Belki hepiniz benden
fazla katedral ve manastır görmüşsünüzdür, ben Zagrep, Strasbourg, Paris
Notredam, Amsterdam ve Moskova’daki Saint Basil ve Novospassky Manastırını ve
Sain Petersbourg’daki Kan katedrallerini gördüm, resimler çektim ama mekan
kalitesi ve hissi hiç biri Sinan’ınkilere benzemiyor. Emevi tarzi camiler de
gördüm, mesela Diyarbakır ulu camii, veya Ankara, Arslanhane gibi kolondan
orman gibidirler, süsleme tamam ama mekan bütünlüğü zayıftır. İlk devir Osmanlı
camilerinde de yoktur bu dediklerim. Ama İstanbul’a gelip, Ayasofya ile ilk karşılaştığında
Sinan üstadın en azından şok olduğunu düşünürüm. Orada ne bazilika ne katedral
ne de Emevilerin basit ev tipindeki plan anlayışını görürsünüz, burada, Ayasofya da
mekân anlayışı “Uniqe” tekildir.
22 Mayıs’ta Ankara’ya
dönünce gece saat sabaha karşı dört idi düzenlediğim son resmimi
postaladığımda. Uyku bastırdı ki nasıl bastırmak, göz kapaklarımı ellerimle kaldırıyorum
nerdeyse, sonunda sızdım. Sabah 9 a doğru uyandım ve kalkıp bana gelen bir
cevap var mı diye minisayara baktım. İzmir’li genç gönderdiğim resmi ve
yanındaki diğer resimleri almış, çok güzel bulmuş bana teşekkür ediyordu.
Gönderme saati 6 idi, demek o da bekliyormuş ve benden de eminmiş ki o saatte
kalkınca ilk işi internete bakmak olmuş. Memnun mesut gittim yine yattım. İlk
defa çektiğim resimler bir işe yarayacaktı…
Selimiye’den Betülle beraber çıktığımız da hava kararmaya yüz tutmuştu. Mehmet beyin mihmandarlığını artık kaybetmiştik.
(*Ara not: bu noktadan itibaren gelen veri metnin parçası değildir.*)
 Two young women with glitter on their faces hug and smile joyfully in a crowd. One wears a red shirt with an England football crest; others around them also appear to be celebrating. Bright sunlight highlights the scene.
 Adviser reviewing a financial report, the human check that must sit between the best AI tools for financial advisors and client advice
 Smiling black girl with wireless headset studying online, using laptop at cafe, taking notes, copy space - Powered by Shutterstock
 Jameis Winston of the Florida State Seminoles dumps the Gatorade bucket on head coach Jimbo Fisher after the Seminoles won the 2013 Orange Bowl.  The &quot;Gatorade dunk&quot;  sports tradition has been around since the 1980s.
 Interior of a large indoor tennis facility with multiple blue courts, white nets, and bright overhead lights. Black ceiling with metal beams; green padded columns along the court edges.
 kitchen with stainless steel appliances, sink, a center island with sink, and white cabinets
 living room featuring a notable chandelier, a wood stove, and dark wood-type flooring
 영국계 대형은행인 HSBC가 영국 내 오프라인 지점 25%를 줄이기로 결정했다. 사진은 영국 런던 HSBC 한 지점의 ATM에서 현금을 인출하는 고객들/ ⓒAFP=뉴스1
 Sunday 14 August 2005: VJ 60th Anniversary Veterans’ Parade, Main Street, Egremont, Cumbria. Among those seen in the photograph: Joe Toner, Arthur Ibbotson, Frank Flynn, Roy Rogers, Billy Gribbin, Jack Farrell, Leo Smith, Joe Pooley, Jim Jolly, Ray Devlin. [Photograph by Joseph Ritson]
Bizim grup diğer mekanları gezmişler ve Otele dönmüş olmalıydılar, hızla otele giderken bizim grubun bir kısmını gördük, evet Otel’e gidiyorlardı, gezme işini bitirmişler gece meyhane programına hazırlanacaklardı.
O akşam Edirne’ye yalnız
gelirsem, temiz üç güne ihtiyacım olacak diye düşündüm, yürüye yürüye Gazi
babaya doğru giderken. Hafif çiseliyor yağmur. Böyle yağsa harika olacak,
azıtmadan. Akşamı da başka güzel bu şehrin. Akşam üstü gelirken Japonlara
rastlamıştık, Selimiye’ye giriyorlardı. Onlar yine sokaklardalar…
“Te bunlarda kim be?
Japonya'dan mı? U da ne? Ulen breh breh, dünyanın te bir ucundan kalkmışlar
gelmişler.” Hayretle kafasını salladı. “Bizim bu Selim Sultan Uralara ka gitmiş
mi? Gider yemin olsun, Bizim Devletimiz Cihan devletiydi.” dedi içini çekti. Kendi
ailesinin göç sırasında çektiği ıstırabı düşündü herhalde, “Ruuzu Mahşerde bunun da esabını
verecekler bu zalimler be.”
Elinde baston, kolunda da
ben. “Bundan üte yol yoktur bee. “
Betül kendi kendime konuşuyorum zannetti. “Ne dedin?”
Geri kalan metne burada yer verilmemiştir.